If you pay attention to the following scenarios and factors, you may be able to manage your horse’s turnout to mitigate risk that Spring environmental factors combined with metabolic sensitivity may create.
Scenario 1: Mild Night before Sunny/Partly Sunny Day. Graze sensitive horses any time after 3 am until 10am. (Fig. 1)
Scenario 2: Cold Night before Sunny/Partly Sunny Day.
Do Not allow sensitive horses to graze pasture on these days. It’s just not worth it. These are the most dangerous conditions because photosynthesis makes more sugar that accumulates on top of what was stored the day before since the nighttime temperatures were not warm enough for the plant to mobilize the sugar for growth overnight. (Fig. 2) A Cold Night is defined as reaching freezing or near freezing temperatures.

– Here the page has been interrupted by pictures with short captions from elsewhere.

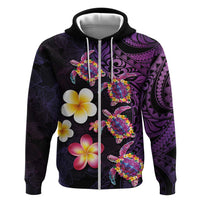 Hawaiian Turtles and Plumeria Zip Hoodie Polynesian Art Tribal Tattoo Deep Violet Color LT03 Zip Hoodie Purple - Polynesian Pride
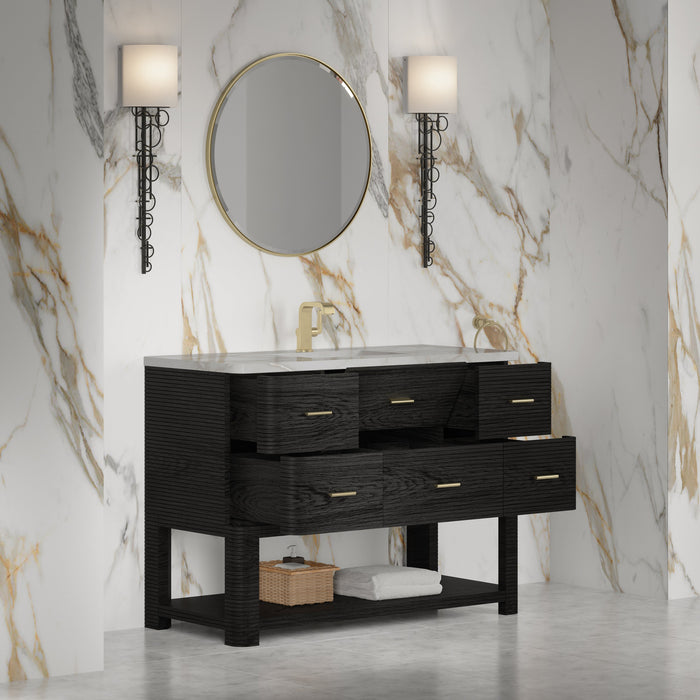 James Martin Lucian 48" Single Bathroom Vanity, Carbon Oak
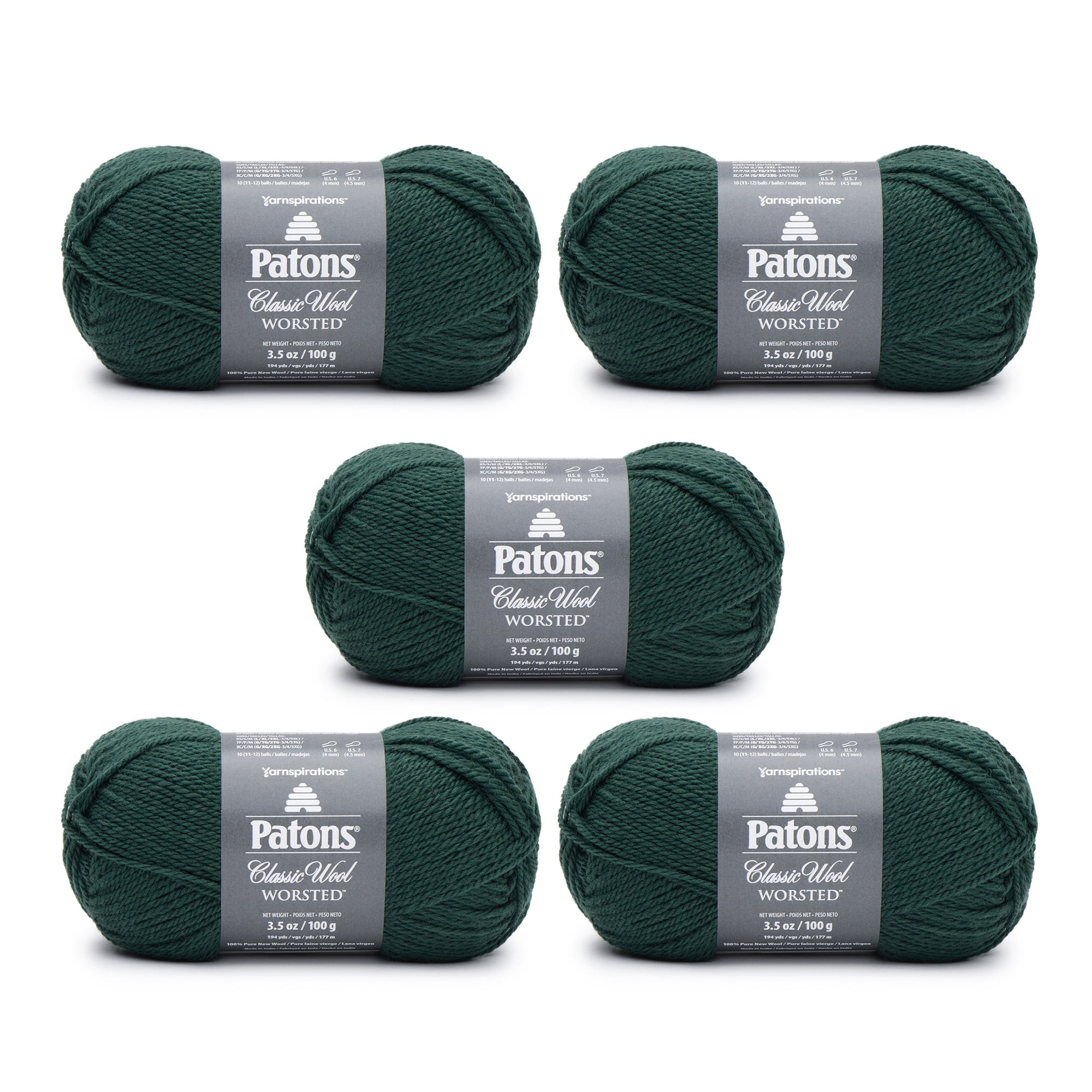 Patons Classic Wool Pine Yarn - 5 Pack of 3.5oz/100g - Wool - 4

My guideline is 38°F.
Scenario 3: Cold Night before Cloudy Day. If there is little to no sunshine, photosynthesis cannot occur, so more sugar is not being made on top of the prior day’s sugar. However…temperatures are still too cold for respiration so for sensitive horses, it is still advised to wait to turn out until the next day AFTER a mild evening where respiration can take place and the sugar is used up for growth overnight.

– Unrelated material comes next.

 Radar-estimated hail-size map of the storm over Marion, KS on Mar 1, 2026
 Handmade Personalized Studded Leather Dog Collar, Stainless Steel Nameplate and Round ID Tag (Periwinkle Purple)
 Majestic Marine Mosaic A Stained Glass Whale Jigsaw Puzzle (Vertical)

Scenario 4 (SAFEST): Mild Night before Cloudy Day.
Your horse and you will love these days! If there is significant cloud cover, you can extend grazing by a few hours since sugar was used up during the mild night before during respiration for plant growth and photosynthesis will occur more slowly during this day since limited sun results in less photosynthesizing of sugar!

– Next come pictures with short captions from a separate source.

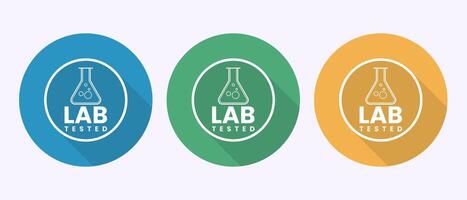 Lab tested icon. Laboratory testing product quality certificate sign in shadow button design vector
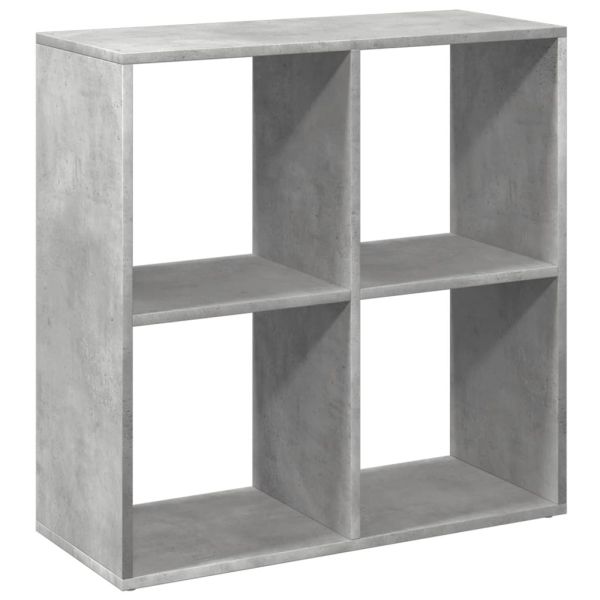 Разделител за стая / библиотека, бетонно сив, 69,5x29x69,5 см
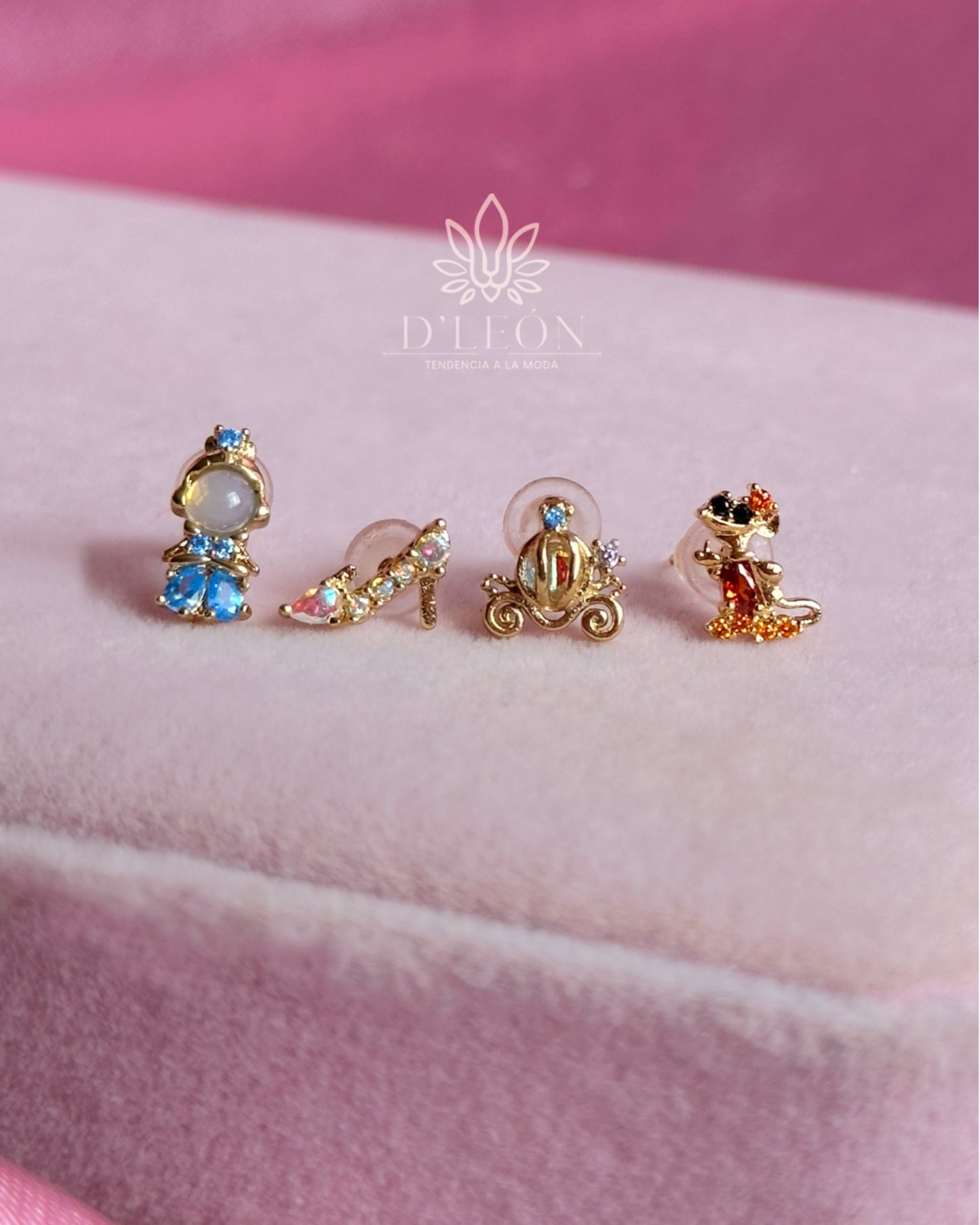 Aretes Princesas set de 4 piezas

Now that you understand the common scenarios and their effects on the concentrations and timing of sugar in pasture grass, it’s time to pay attention to the weather forecast! There are a few other factors worth mentioning, some in our control and others not. As inflammatory as it sounds, a stressor of any type on grass has irrefutably led to higher concentrations of sugar and laminitic episodes and founder in otherwise safe pastures and healthy horses. Stressors include drought, over grazing, colder temperatures in general, an abundance of sunshine, too many weeds competing with the grass, abrupt temperature changes, or poor soil health. One misconception is that very short, overgrazed pastures are safer, but they fall into the category of being very stressed for survival and the sugar content in that grass is concentrated in the bottom 3 to 4 inches. Removing horses from grazing pasture before it is below 3-4” inches has multiple benefits. It reduces sugar intake per bite that is stored in the short blades but also prevents horses from chewing below the growing points of the plant, allowing the pasture to grow and become restored more quickly and fully. Proper liming, fertilizing, weed management and even irrigation if in a drought can reduce stress on your grass pasture providing safe grazing for your horse.
Hopefully this simple recap of plant physiology and practical ideas for when and how to reduce grazing risk on Spring pastures will be of use this year as you manage your horse’s turnout. As always, please use this information in conjunction with routine veterinary care.